* _TO DO_
Write out the full listing exactly as given, minus the images.

━━━━━ SUPPLIED DATA ━━━━━

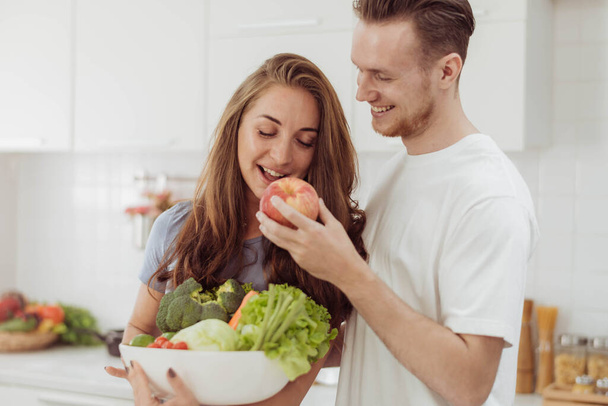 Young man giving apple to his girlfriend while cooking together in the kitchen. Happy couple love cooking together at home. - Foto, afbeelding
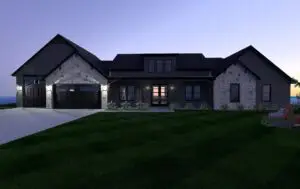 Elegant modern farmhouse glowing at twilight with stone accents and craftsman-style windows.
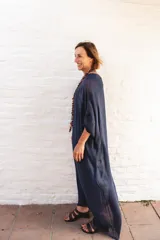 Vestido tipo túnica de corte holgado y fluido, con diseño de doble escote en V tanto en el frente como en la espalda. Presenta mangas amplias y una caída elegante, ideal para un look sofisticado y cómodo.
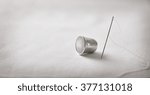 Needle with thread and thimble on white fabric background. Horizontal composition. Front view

━━━━━

* _REPLY_
 Young man giving apple to his girlfriend while cooking together in the kitchen. Happy couple love cooking together at home. - Foto, afbeelding
 Elegant modern farmhouse glowing at twilight with stone accents and craftsman-style windows.
 Vestido tipo túnica de corte holgado y fluido, con diseño de doble escote en V tanto en el frente como en la espalda. Presenta mangas amplias y una caída elegante, ideal para un look sofisticado y cómodo.
 Needle with thread and thimble on white fabric background. Horizontal composition. Front view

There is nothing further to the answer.